The outgoing Governor of the Bank of England, Sir Mervyn King, is alleged to have warned before the country went to the polls just over three years ago that whoever won that election would need to make such deep cuts to public spending that they would be rendered unelectable for a generation, and there seems to a be a genuine possibility that his prediction could come true
Whether austerity is good for future generations or not appears to be a question with no right or wrong answer. On the one hand, attempting to get Britain’s national debt – officially measured at £1.2 trillion in April 2013 – under control will leave a better inheritance for future generations. If they played no part in creating this debt mountain, then surely they shouldn’t have to bear the burden of repaying it?
On the other hand, there is certainly an argument that cutting expenditure too quickly, or cutting it in the wrong ways – such as cancelling infrastructure projects and other forms of productive investment – will leave future generations worse off anyway. Either way, its difficult to paint a rosy future for them, unless the British economy finds some powerful new engine of growth to drag it out from its current malaise.
However, a new report from the Bank for International Settlements (BIS), in effect the central bank for central banks, has just added a new concern to this debate. Has the British Government used its opportunity to make public spending cuts wisely? And could even deeper, more drastic cuts be in store for us?
The report, Making the most of borrowed time: repair and reform the only way to growth, argues that governments around the world have made a significant achievement in preventing the world from falling into another major financial crisis, or a prolonged economic depression. Yet this is largely where the praise stops. They also argue that central banks across the Western world (especially in the USA and Britain) have been using quantitative easing (QE) – essentially, printing money to purchase assets – as a means of pumping additional stimulus into their economies, buying some extra time and creating a slightly more favourable environment for the governments involved to repair their balance sheets.
QE cannot be pursued forever without causing substantial economic distortions. For one thing, increasing the monetary supply degrades the value of earned income, making it bad for the working-age population as whole. A broader impact is that it increases inflation. These negative effects mean that it can only ever be a temporary measure. As a recent article from the BBC emphasises, there is also the strong possibility that unwinding QE will cause such severe market shocks that another financial crisis is not out of the question.
The report from BIS argues that this means QE only provided a temporary respite for governments to act without the full negative impact of public spending costs being felt within the economy.

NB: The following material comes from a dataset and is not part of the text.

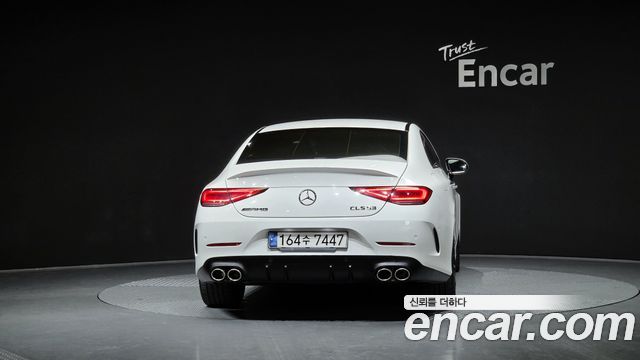 Mercedes-Benz CLS-Class CLS450 4MATIC AMG Line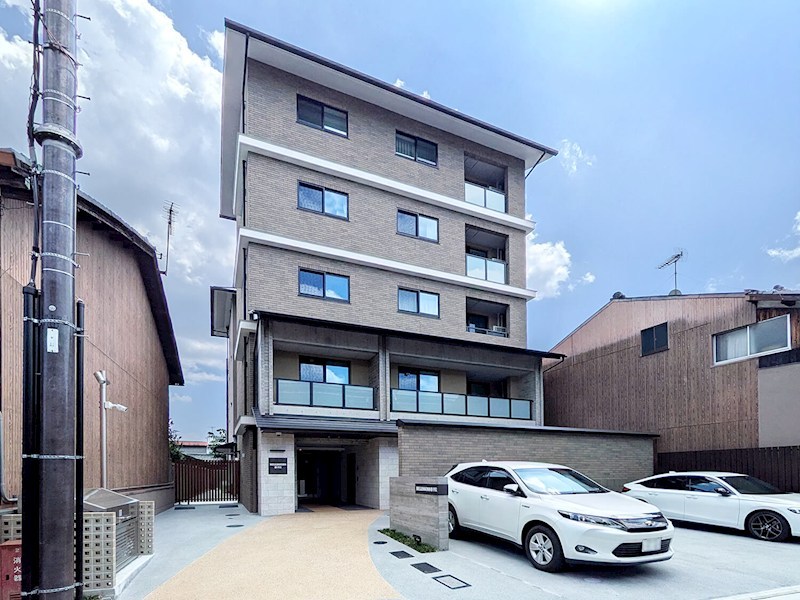 Bellissimo継孝院 外観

They argue that Western governments have not fully taken advantage of this opportunity, with the result that even more painful cuts might be on the way in future.
Try getting elected after doing this…
The report is especially negative about the UK. Although the Coalition’s austerity measures have managed to shrink the deficit (the annual gap between income and expenditure) from 7.6% of GDP in 2009 to 4.3% of GDP in 2013, the total level of indebtedness (which includes corporate, individual and government debt) has risen by over 60% since 2007, largely because of rising government debt.
The decline in Britain’s deficit has also been smaller than in almost any of the other highly-indebted Western nations, including Greece, Spain, Italy and the USA. The UK’s overall public debt is still above 100% of GDP, and to bring it back to 60% (the level which is conventionally reckoned to be sustainable in the long term) by 2040 would require absolutely vast public spending cuts on a level we simply haven’t witnessed yet, despite the Chancellor’s best efforts.
Given the public protests which have accompanied some of the cuts that have been enacted already, it is worth entertaining the possibility that this level of austerity may simply be politically impossible. Although Britain has so far been spared the level of public protest – which has included general strikes – that has been witnessed in Greece during its recent economic travails, the British government has been scarred before by trying to cut more than the public was willing to tolerate.
Back in 1931, the National Government, which was trying to keep Britain in the Gold Standard while battling the Great Depression, announced a series of radical cuts in its annual budget which were designed to calm concerns in the markets about whether Britain could repay its debts. This included cutting pay for all public sector workers, including that of sailors, by between 10 and 25%. When news of this reached a group of sailors who’d just returned to the Scottish port of Invergordon after a tour of duty on the seas, 1,000 of them launched an open mutiny which lasted for two days before they were brought back under control. The shock of this reaction forced the British government to back down, and 10 days later it left the Gold Standard, to the shock of the financial world.
Here in the present, it seems that years of further cuts lie head, a policy which the politicians know can only be pursued for as long as the public tolerates it. It seems that the symbolically-important ring-fencing which surrounds certain categories of spending, including schools, health and pensioner benefits, will have to be gradually dismantled after the next general election.
Whether the government which is in power then has the will to go through with the full scale of the cuts which BIS thinks is required is anyone’s guess, of course. Given past government behaviour, it would be no surprise if it made every attempt to kick the can as far down the road as possible – and straight into the laps of future generations.